Seattle on the clock. 

Westbrook.


----------



## BG7 (Jun 25, 2003)

Knicks are taking Bayless for sure now.


----------



## DaBabyBullz (May 26, 2006)

Good picks so far. Glad to see the Wolves didn't blow the #4 on Lopez. I think that the Sonics definitely got it right here. He would've been my pick too for them.

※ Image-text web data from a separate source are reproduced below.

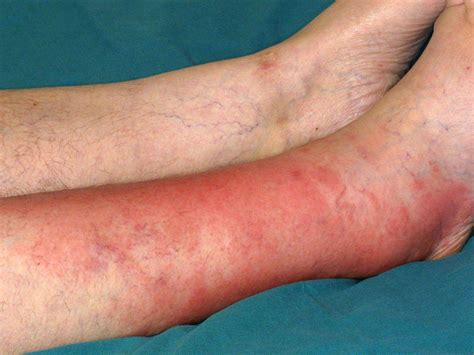 Is Cellulitis Spreadable
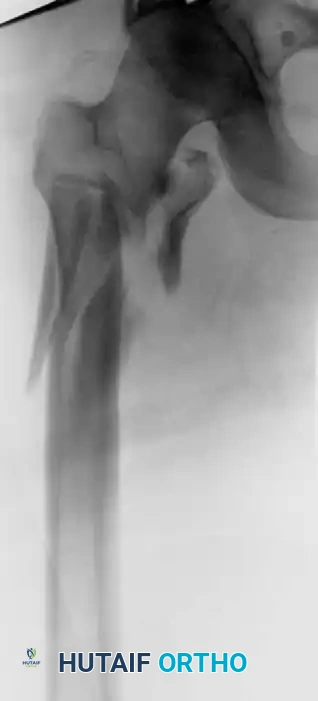 Hutaifortho's Orthopaedic Diagram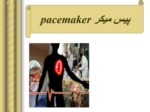 دانلود فایل پاورپوینت پیس میکر pacemaker صفحه 2 
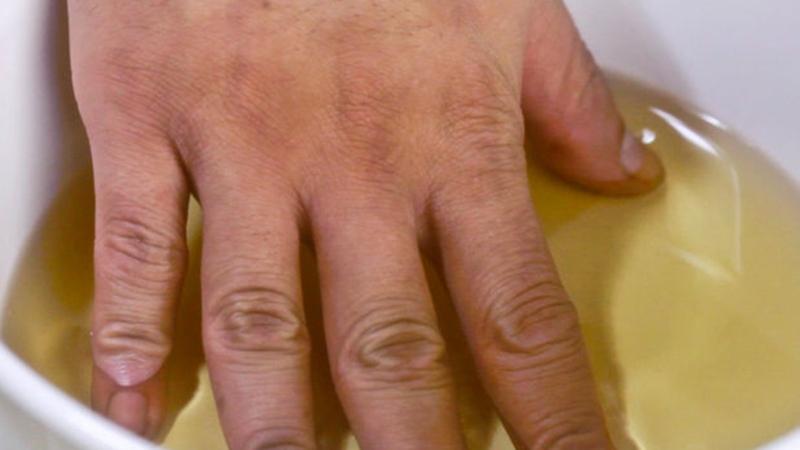 Народні засоби від корости у людини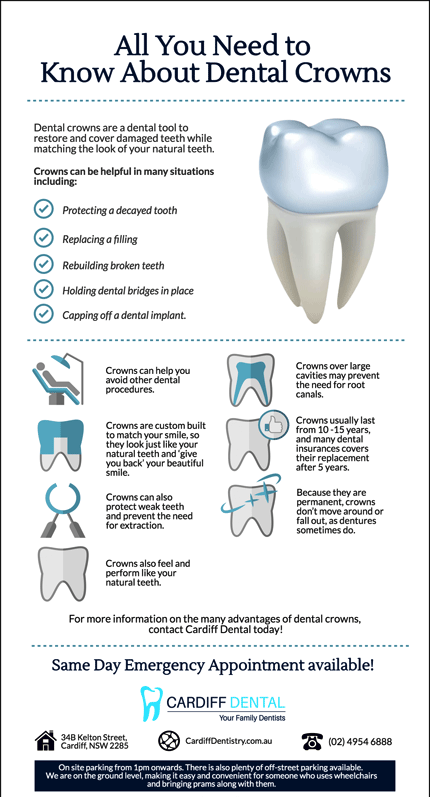 Dental-Crowns-What-You-Should-Know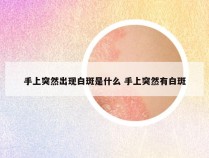 手上突然出现白斑是什么 手上突然有白斑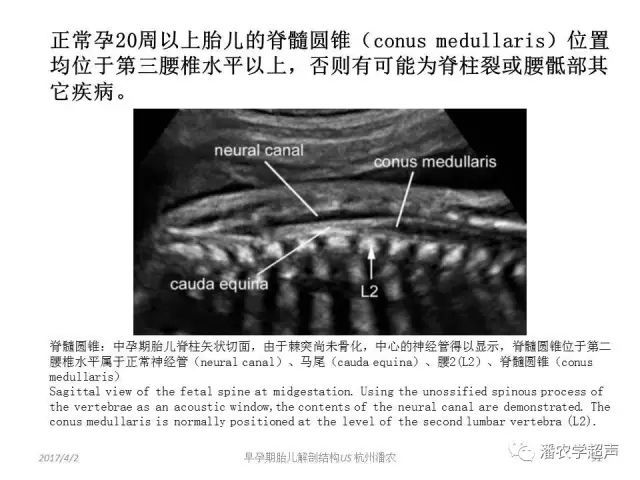 胎儿脊柱与脊髓圆锥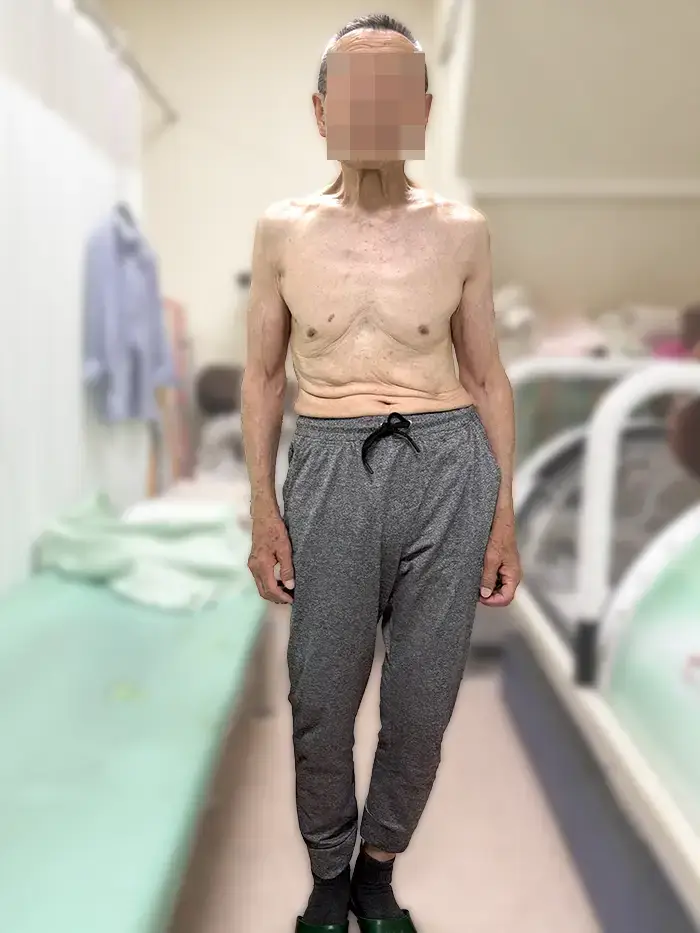根本整体施術後の81歳男性26年8月　重心バランスが整ってきた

So far the draft is going exactly how I'd have drawn it up.


----------



## DaBabyBullz (May 26, 2006)

Kevin Love going to the Grizz, or are they going with a wing player or Lopez? I have a feeling Love may be the guy unless they take a combo guard like Bayless.


----------



## truebluefan (May 27, 2002)

Memphis Grizzlies. 

K love.


----------



## BG7 (Jun 25, 2003)

Kevin Love...no shock, great pick.


----------



## truebluefan (May 27, 2002)

DaBabyBullz said:


> Good picks so far. Glad to see the Wolves didn't blow the #4 on Lopez. I think that the Sonics definitely got it right here. He would've been my pick too for them.
> 
> So far the draft is going exactly how I'd have drawn it up.

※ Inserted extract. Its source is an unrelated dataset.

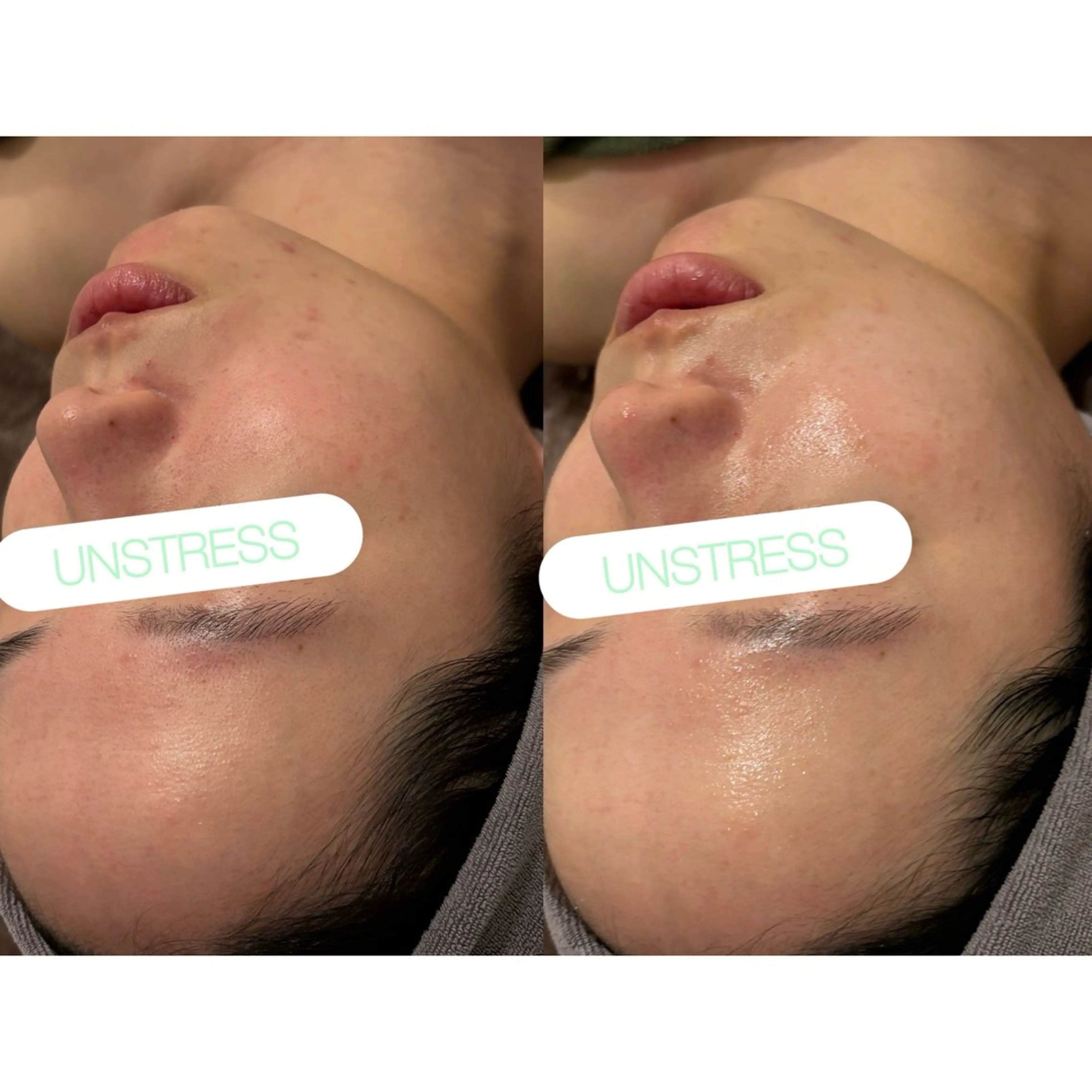 エステ 小顔コルギ ☆表参道/外苑前のエステ・リラクイメージ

Westbrook is a solid pick for that team.


----------



## BG7 (Jun 25, 2003)

No way the Knicks don't take Bayless. Small chance they take Augustin, but I doubt it. Has to be Bayless.


----------



## DaBabyBullz (May 26, 2006)

So far very predictable, and I got every pick right (with what I personally would've done, combined with what I thought they might do). Knicks rolling with the Italian, or with Gordon/Bayless? This one I don't know for sure since there is a foreigner I haven't seen play before involved, with ties to the organization.

Love is definitley the best interviewee so far. No comparison. Show biz runs in his family though lol.


----------



## DaBabyBullz (May 26, 2006)

BG7 Lavigne said:


> No way the Knicks don't take Bayless. Small chance they take Augustin, but I doubt it. Has to be Bayless.

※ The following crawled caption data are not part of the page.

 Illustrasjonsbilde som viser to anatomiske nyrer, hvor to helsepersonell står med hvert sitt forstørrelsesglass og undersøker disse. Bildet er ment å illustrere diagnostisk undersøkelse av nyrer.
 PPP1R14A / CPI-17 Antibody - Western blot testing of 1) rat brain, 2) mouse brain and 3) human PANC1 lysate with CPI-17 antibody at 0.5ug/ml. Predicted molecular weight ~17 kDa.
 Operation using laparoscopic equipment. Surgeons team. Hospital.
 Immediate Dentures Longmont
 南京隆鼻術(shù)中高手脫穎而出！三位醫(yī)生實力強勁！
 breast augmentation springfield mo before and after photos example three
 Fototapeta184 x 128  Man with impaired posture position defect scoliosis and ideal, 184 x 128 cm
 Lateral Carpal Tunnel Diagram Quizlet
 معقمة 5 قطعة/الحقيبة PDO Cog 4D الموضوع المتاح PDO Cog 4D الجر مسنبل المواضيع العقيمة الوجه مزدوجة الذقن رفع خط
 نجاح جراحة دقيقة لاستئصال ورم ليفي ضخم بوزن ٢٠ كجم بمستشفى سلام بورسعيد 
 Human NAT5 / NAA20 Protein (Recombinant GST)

IDK man, he'd be my pick, but it's far from a guarantee.


----------



## BG7 (Jun 25, 2003)

Damn, that was a dumb pick.


----------



## truebluefan (May 27, 2002)

NY Knicks on the clock. 

Seven straight years missing the playoffs. 

D Gallinari!


----------



## DaBabyBullz (May 26, 2006)

HAHA, told ya. That was my guess, the Italian goes to NY.


----------



## BG7 (Jun 25, 2003)

Should have let Isiah make the pick.


----------



## truebluefan (May 27, 2002)

They say this guy can play.


----------



## truebluefan (May 27, 2002)

Ha Ha The Rooster!!


----------



## DaBabyBullz (May 26, 2006)

It'll definitely be interesting to see him play REAL basketball. The Knicks are such a joke now though, with a running philosophy and a bunch of fat guys in the post and no PG lol.


----------



## BG7 (Jun 25, 2003)

Draftexpress on pace to get all of the lotteries right. They must have sold their soul to the devil for that one. Shocking really, they've been horrible in their mocks in the past.


----------



## GB (Jun 11, 2002)

BG7 Lavigne said:


> No way the Knicks don't take Bayless.



Where is the pie in the face smiley?:whistling:


----------



## BG7 (Jun 25, 2003)

I think Eric Gordon goes here, but it might be Bayless.


----------



## truebluefan (May 27, 2002)

So far, DX had Gordon high. He hasnt been picked yet. 

Clippers. 15th losing season in last 16 years. 

Eric Gordon.


----------



## BG7 (Jun 25, 2003)

I wonder if Paxson would trade Hinrich to Milwaukee for the pick and take Lopez here.


----------



## DaBabyBullz (May 26, 2006)

The thing that really doesn't make sense about the Knick's pick, is that I'm assuming D'Antoni will run a system like Phoenix, which was full of quick guys with great lateral movement, but the white announcer (not Van Gundy) said (and I noticed it myself in the highlights) that he doesn't appear to have great lateral mobility. More skilled and lanky, but not quick or fast. That doesn't seem to fit IMO, with what I expect the Knicks to try and evolve into.


----------



## DaBabyBullz (May 26, 2006)

BG7 Lavigne said:


> I wonder if Paxson would trade Hinrich to Milwaukee for the pick and take Lopez here.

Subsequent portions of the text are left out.